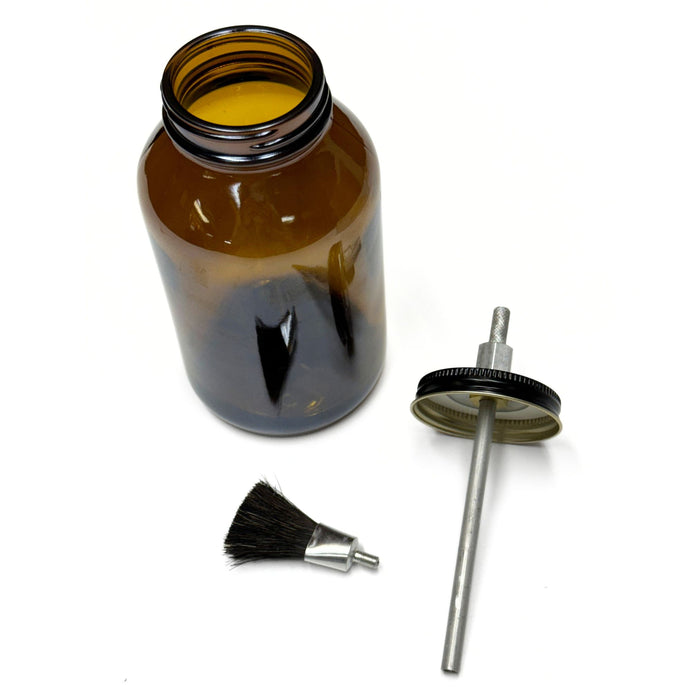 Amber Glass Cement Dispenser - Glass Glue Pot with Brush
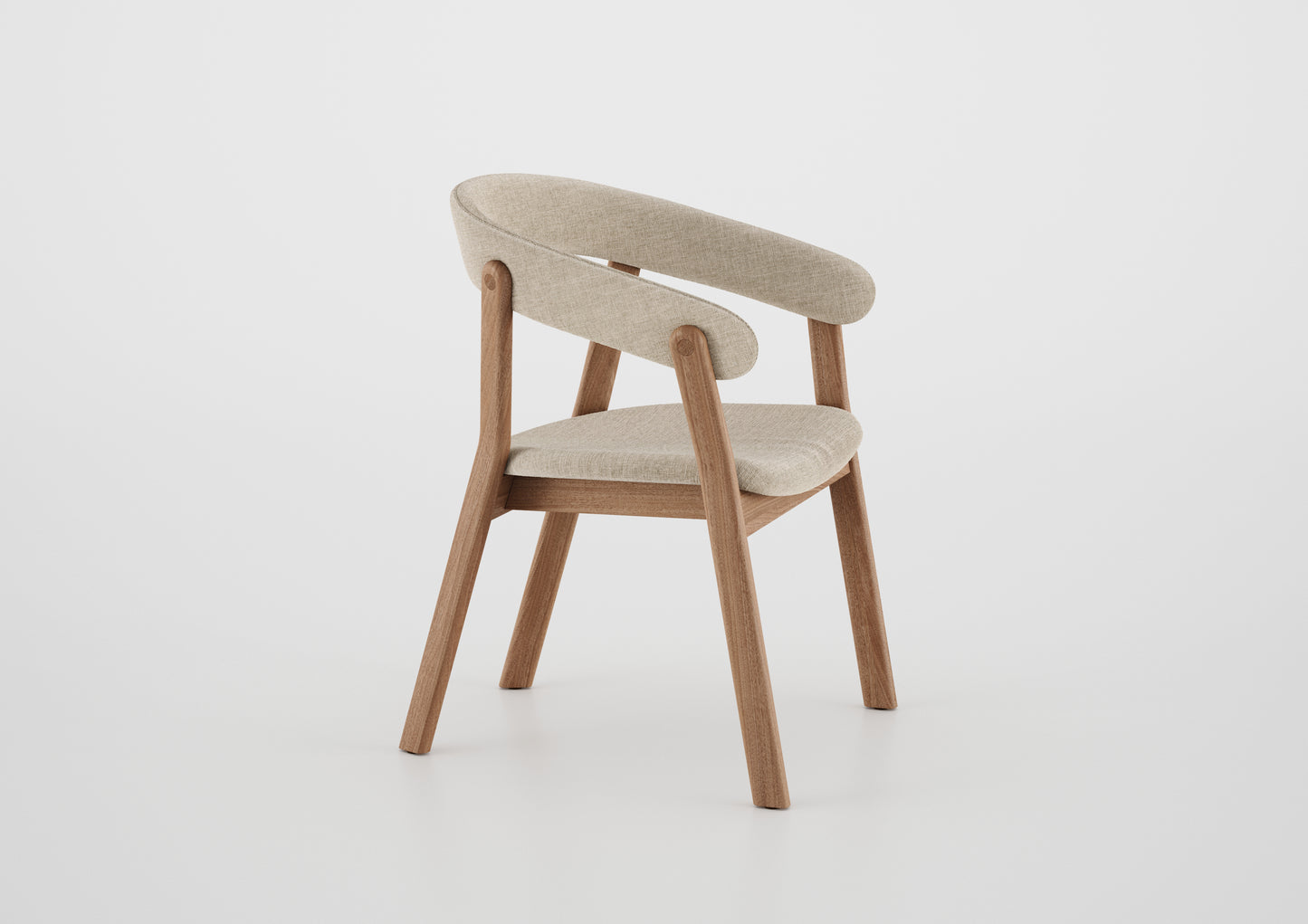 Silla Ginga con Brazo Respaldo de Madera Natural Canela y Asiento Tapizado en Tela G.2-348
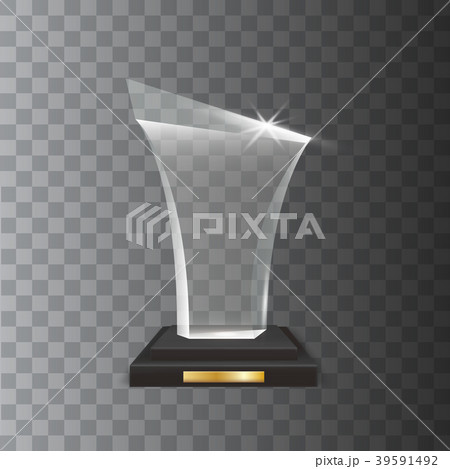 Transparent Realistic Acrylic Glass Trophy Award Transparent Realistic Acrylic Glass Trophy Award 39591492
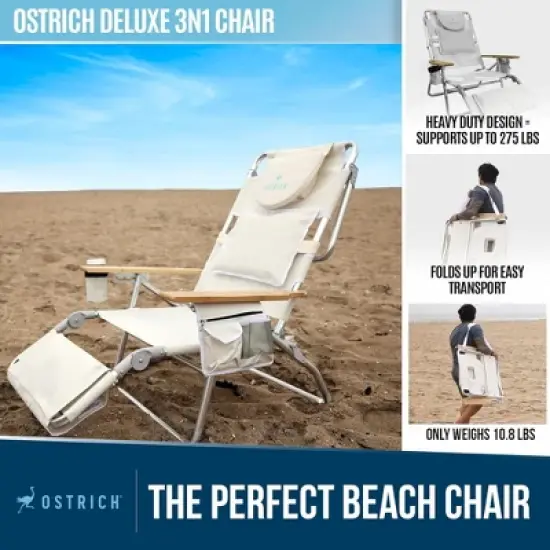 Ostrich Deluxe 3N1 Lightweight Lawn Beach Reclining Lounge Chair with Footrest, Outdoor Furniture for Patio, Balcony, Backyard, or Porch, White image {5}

══════════

Task description>
Output only the lines that run from the line containing "Transparent Realistic Acrylic Glass Trophy Award Transparent" to the last line of the data, exactly as they stand and without pictures.

Solution to this task>
 Transparent Realistic Acrylic Glass Trophy Award Transparent Realistic Acrylic Glass Trophy Award 39591492
 Ostrich Deluxe 3N1 Lightweight Lawn Beach Reclining Lounge Chair with Footrest, Outdoor Furniture for Patio, Balcony, Backyard, or Porch, White image {5}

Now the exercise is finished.